Stored entries ::
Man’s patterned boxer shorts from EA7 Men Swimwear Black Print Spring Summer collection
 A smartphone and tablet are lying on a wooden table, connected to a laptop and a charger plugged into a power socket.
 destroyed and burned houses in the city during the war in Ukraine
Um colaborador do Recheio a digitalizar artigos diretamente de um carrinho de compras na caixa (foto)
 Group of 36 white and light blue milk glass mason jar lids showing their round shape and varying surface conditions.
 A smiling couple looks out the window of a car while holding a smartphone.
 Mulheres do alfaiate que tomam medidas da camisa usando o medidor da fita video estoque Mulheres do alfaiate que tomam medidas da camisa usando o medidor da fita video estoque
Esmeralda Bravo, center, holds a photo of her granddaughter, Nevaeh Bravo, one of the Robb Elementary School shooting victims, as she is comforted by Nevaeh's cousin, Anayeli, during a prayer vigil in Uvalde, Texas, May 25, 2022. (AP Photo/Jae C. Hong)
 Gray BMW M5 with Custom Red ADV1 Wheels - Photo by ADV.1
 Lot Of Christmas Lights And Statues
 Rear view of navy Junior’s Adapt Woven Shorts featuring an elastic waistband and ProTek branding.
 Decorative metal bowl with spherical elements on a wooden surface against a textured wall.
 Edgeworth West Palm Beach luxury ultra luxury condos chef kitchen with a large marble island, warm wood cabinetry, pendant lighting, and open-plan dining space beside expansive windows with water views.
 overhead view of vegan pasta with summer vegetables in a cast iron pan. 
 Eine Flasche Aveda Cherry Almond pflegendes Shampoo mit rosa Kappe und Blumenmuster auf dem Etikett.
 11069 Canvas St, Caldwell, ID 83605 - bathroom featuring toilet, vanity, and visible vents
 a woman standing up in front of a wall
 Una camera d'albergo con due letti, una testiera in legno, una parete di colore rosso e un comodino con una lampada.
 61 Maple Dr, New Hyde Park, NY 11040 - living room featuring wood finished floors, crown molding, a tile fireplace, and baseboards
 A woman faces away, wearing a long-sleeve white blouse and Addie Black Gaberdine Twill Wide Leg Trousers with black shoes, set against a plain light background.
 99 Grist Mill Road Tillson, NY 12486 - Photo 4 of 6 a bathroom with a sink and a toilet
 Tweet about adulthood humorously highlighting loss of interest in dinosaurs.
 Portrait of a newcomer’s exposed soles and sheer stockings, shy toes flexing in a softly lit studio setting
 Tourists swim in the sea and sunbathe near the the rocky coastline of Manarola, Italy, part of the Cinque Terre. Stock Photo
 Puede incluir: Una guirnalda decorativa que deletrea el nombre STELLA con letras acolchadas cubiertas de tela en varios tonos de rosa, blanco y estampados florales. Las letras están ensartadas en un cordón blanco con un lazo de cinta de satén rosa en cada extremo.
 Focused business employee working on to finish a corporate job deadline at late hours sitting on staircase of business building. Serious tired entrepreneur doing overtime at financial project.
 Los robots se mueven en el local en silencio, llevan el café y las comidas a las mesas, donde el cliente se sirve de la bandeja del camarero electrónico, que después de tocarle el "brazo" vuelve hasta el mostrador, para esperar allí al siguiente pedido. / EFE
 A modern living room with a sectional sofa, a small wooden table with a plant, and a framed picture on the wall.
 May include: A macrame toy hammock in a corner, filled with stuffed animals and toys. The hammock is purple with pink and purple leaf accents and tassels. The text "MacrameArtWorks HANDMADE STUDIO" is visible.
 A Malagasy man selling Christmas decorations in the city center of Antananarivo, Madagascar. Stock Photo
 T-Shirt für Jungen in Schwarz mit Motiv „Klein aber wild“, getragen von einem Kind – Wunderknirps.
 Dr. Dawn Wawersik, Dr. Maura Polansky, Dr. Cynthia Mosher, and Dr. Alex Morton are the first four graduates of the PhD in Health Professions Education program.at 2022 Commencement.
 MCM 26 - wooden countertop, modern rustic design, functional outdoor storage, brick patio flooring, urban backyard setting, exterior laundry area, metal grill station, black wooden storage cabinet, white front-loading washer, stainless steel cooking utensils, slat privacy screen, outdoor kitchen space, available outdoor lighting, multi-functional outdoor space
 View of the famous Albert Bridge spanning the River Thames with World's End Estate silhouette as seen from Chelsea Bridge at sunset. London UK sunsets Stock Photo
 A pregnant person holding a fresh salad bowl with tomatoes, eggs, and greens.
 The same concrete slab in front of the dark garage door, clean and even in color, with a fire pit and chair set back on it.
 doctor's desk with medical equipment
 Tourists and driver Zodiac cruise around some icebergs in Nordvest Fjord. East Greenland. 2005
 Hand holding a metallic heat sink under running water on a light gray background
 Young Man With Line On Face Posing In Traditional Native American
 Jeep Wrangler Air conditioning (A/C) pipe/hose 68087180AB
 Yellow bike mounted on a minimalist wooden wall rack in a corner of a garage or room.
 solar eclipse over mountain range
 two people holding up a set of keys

YOUR OBJECTIVE :: Would you copy, unchanged, the stretch of the records above that begins at the line containing "destroyed and burned" and ends at the line containing "Rear view of", and only that?

WRITTEN ANSWER ::
 destroyed and burned houses in the city during the war in Ukraine
Um colaborador do Recheio a digitalizar artigos diretamente de um carrinho de compras na caixa (foto)
 Group of 36 white and light blue milk glass mason jar lids showing their round shape and varying surface conditions.
 A smiling couple looks out the window of a car while holding a smartphone.
 Mulheres do alfaiate que tomam medidas da camisa usando o medidor da fita video estoque Mulheres do alfaiate que tomam medidas da camisa usando o medidor da fita video estoque
Esmeralda Bravo, center, holds a photo of her granddaughter, Nevaeh Bravo, one of the Robb Elementary School shooting victims, as she is comforted by Nevaeh's cousin, Anayeli, during a prayer vigil in Uvalde, Texas, May 25, 2022. (AP Photo/Jae C. Hong)
 Gray BMW M5 with Custom Red ADV1 Wheels - Photo by ADV.1
 Lot Of Christmas Lights And Statues
 Rear view of navy Junior’s Adapt Woven Shorts featuring an elastic waistband and ProTek branding.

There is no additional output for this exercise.